- [What the task asks] A single figure is required: the number of lines in the data below that hold the word "PETROL".

Data section Start Marker

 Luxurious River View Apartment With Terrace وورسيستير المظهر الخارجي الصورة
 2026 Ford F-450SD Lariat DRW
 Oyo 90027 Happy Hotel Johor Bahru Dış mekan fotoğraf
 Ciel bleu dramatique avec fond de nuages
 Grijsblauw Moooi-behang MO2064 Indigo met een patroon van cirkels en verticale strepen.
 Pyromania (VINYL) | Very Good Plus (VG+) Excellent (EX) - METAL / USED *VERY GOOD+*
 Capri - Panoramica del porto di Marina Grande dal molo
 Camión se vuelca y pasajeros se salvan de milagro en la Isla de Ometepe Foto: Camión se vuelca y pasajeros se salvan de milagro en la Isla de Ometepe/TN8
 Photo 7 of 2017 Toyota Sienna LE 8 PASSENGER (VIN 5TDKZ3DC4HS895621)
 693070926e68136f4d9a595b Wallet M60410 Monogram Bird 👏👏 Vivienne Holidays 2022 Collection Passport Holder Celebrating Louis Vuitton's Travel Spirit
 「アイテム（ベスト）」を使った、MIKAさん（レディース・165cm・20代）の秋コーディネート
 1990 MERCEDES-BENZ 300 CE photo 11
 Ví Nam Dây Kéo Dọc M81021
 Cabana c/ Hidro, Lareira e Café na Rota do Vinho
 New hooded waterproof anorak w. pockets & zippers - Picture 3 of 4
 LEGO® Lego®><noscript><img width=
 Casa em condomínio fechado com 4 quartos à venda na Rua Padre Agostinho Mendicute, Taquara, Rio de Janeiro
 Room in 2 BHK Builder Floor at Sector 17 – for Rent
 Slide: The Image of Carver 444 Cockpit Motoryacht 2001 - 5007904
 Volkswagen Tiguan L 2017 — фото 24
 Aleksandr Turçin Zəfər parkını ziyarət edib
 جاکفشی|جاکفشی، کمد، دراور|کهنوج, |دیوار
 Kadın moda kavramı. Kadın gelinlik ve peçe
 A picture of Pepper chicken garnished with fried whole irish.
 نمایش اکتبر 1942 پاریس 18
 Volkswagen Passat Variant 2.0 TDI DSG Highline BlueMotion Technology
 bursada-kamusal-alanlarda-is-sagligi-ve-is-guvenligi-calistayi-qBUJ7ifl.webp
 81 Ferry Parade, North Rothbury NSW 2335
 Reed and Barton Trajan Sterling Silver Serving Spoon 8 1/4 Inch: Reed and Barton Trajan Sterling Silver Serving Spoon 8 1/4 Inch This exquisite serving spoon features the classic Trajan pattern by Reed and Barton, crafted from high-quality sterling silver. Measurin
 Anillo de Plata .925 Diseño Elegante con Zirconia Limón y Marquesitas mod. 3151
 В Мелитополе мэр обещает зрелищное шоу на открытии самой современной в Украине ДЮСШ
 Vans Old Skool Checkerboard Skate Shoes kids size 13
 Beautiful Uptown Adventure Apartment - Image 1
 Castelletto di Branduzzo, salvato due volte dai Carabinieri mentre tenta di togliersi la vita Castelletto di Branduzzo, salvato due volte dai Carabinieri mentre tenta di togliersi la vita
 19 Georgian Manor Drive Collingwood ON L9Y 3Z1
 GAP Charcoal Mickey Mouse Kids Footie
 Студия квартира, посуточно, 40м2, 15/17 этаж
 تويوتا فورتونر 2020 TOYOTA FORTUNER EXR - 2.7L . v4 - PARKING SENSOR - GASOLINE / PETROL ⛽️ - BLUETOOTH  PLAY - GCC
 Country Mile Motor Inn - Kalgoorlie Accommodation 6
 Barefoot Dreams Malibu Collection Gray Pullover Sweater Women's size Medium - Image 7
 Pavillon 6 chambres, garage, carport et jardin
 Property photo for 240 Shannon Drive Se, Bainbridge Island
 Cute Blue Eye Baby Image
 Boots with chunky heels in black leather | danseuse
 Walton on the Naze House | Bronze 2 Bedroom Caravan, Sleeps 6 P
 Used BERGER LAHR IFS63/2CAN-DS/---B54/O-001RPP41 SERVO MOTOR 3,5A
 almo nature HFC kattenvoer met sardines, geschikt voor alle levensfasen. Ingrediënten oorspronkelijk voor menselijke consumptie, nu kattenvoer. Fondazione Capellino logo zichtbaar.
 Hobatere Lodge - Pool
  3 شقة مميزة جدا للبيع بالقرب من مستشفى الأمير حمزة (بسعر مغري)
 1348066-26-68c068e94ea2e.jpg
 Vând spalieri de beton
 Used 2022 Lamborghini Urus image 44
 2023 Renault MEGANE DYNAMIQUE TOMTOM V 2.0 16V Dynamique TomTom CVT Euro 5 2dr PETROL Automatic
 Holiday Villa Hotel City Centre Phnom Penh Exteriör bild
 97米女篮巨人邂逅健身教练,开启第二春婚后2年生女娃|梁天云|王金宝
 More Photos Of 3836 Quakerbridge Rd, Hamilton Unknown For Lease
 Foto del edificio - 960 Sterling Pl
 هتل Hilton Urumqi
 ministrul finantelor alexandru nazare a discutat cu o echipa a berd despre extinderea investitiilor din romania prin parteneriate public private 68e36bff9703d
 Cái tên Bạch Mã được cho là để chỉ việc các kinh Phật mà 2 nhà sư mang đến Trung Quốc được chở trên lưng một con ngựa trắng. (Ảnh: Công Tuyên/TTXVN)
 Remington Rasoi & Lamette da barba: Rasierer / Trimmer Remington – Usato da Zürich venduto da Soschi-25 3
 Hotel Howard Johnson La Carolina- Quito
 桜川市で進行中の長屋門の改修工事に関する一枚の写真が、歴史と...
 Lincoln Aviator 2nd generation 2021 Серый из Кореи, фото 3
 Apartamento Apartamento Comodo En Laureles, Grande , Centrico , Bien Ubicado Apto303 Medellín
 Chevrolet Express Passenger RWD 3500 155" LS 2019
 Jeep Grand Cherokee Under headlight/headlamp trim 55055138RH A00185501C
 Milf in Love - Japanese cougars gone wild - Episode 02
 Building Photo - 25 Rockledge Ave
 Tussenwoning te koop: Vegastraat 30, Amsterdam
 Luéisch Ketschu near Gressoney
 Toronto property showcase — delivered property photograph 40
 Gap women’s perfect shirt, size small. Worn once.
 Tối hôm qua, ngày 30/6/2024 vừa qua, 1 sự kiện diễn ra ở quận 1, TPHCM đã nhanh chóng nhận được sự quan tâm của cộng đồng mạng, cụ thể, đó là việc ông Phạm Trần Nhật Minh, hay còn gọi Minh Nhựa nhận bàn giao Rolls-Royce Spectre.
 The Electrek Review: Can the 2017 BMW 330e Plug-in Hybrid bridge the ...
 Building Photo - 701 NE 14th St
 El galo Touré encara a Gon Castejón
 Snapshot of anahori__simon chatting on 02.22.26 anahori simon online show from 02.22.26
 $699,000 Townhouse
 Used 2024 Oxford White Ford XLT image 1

Data section End Marker

- [Task result] 2